Berlin switched her gaze to Caitlyn’s. A preschool teacher who’d taken the day off for Berlin’s transformation, she lifted her eyebrows as if to say, Go on already.
Scotty checked her phone, smiling at the screen.
“I want a new look,” Berlin said, her voice strong and probably too loud for the nearly empty salon. “Darker hair. Shorter. Make me look…different.”
Berlin was tired of her current life, and she was only twenty-seven-years-old. She’d taken as many online courses in accounting that she could, finally finishing her degree a couple of years ago by leaving Brush Creek for Colorado Springs.
She’d dated a couple of guys there, but nothing had stuck. That was how she felt about every man she went out with. Like she was some sort of Teflon and they wouldn’t stick around no matter what.
“Darker?” Starlee asked, still combing her fingers through Berlin’s locks. “Y’know, most women want to go lighter, not darker.”
“Not too short,” Caitlyn said, stepping closer. “Still brushing her shoulders. But nothing she can put in a ponytail.” She met Berlin’s gaze with a meaningful look in her eye. “We’re not doing ponytails anymore, remember?”
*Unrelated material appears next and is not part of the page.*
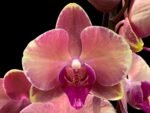 Double Spikes Phalaenopsis OX Little Beauty Spash (4" Pot)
Starlee looked between the friends. “Is this a hair change or a life change?”
“Life,” Berlin said, squaring her shoulders. She’d just had another birthday and it was so exhausting to attend the Fuller family dinners as a singleton. Sometimes she brought Caitlyn along, but now she had a boyfriend. Scotty worked up at the horse farm at the top of the canyon, and she didn’t make it down during the week that often.
She put her phone in her back pocket and stepped forward to join the conversation. “We’re taking her to the summer fair tonight.” Scotty leaned over Berlin’s shoulder, her smile wide and beautiful. She wouldn’t have any trouble getting a date tonight, not after she curled her miles of dark hair and put on her rodeo makeup. The woman was a former barrel racer, and she had a new man on her arm every weekend. She claimed to like the revolving door of male attention, but Berlin had tired of it quickly.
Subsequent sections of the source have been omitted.